Through this elegant, iterative photolabelling approach, Ruta et al. could thus move stepwise through the brain to the output neurons that are likely to link directly with motor pathways. Although the circuit they define corresponds to just a small piece of the wiring diagram defined in the larger-scale anatomical studies4,5, Ruta et al.3 go one crucial step further by confirming that these cells are functionally connected. They accomplish this by recording cVA-evoked activity in each of the identified neurons — an impressive achievement deep in the tiny fly brain — and by demonstrating that this activity depends on the presence of intact circuit components upstream.

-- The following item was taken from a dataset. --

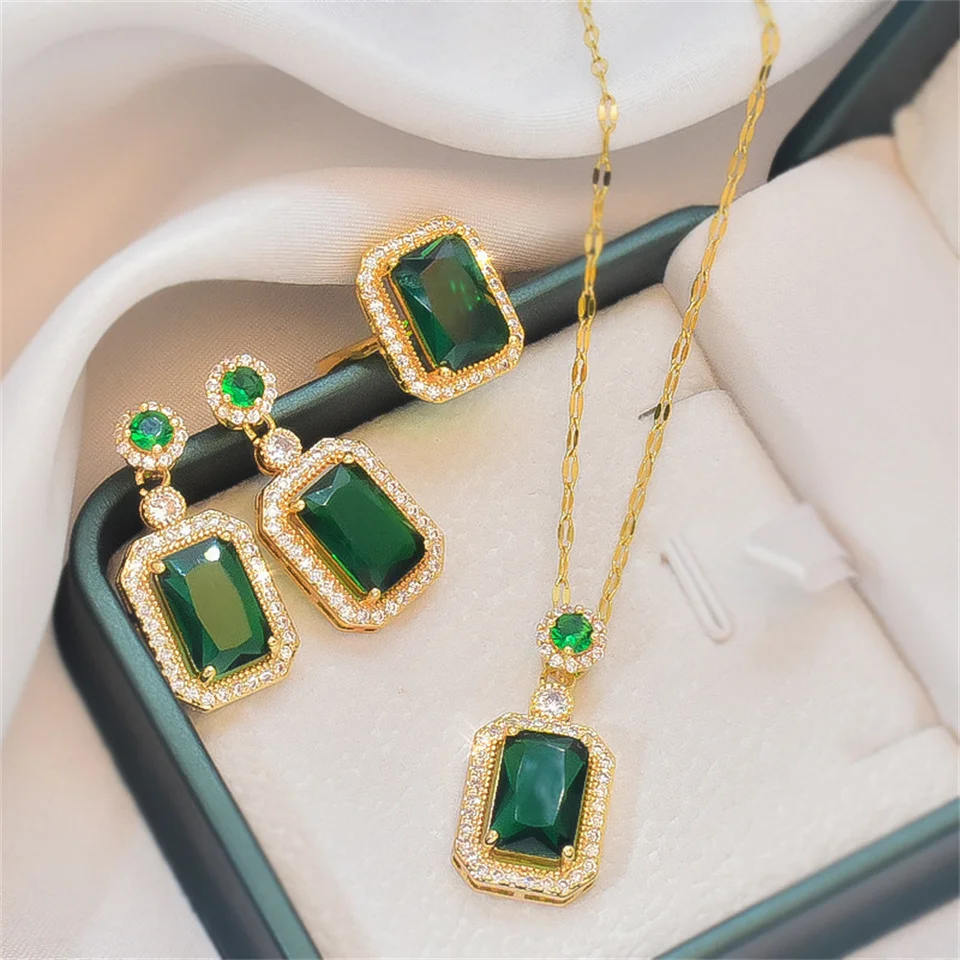 Klasické dámske trojdielne šperky Vyhlásenie Emerald Ring Fashion Zelený zirkónový prsteň Náušnice Náušnice Svadobné šperky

What do these findings reveal about the neural control of courtship? First, they offer a draft roadmap of a circuit underlying a complex animal behaviour. Although relatively simple neural circuits for reflexes (such as gill withdrawal in the marine slug Aplysia14 or the escape response in the fruitfly15) have been delineated, the FruM circuit is the most sophisticated to be mapped so thoroughly, sometimes down to single-neuron resolution. As the male courts his target female, these neurons must integrate diverse sensory information. Yet, as Ruta and co-workers show for the cVA response pathway, the circuit can be surprisingly shallow, with as few as four neurons potentially linking sensory input to motor output. The techniques and tools these studies3,4,5 introduce also make it feasible to test the functional contributions of individual subpopulations of FruM neurons to these behaviours in males and females.
In addition, these studies identify an unexpected number of new sexual dimorphisms in FruM neurons, including several cases in which certain groups of these cells are present only in the male or the female brain. They also detect hundreds of putatively distinct connections between the axons and dendrites of FruM neurons that are common to both sexes (Fig. 1). Although these anatomical (and physiological) observations do not establish a causal relationship between dimorphic wiring and behaviour, they indicate that widely distributed, although often subtle, gender-specific neural connectivity may account for the different behaviour of males and females. How FruM specifies the 'male' properties of this circuit during development remains a fascinating unanswered question.
Finally, it is notable that nearly all of these dimorphisms reside in central brain neurons. This suggests that males and females detect many of the same external signals but interpret them differently to produce distinct behavioural responses. Intriguingly, earlier work6 showed that courtship circuitry in the thorax of female flies also contains motor-neuron output pathways that can produce wing-evoked love songs when artificially stimulated. Thus, in fruitflies at least, the principal determinants underlying the distinct behaviour of males and females seem to reside in the mind.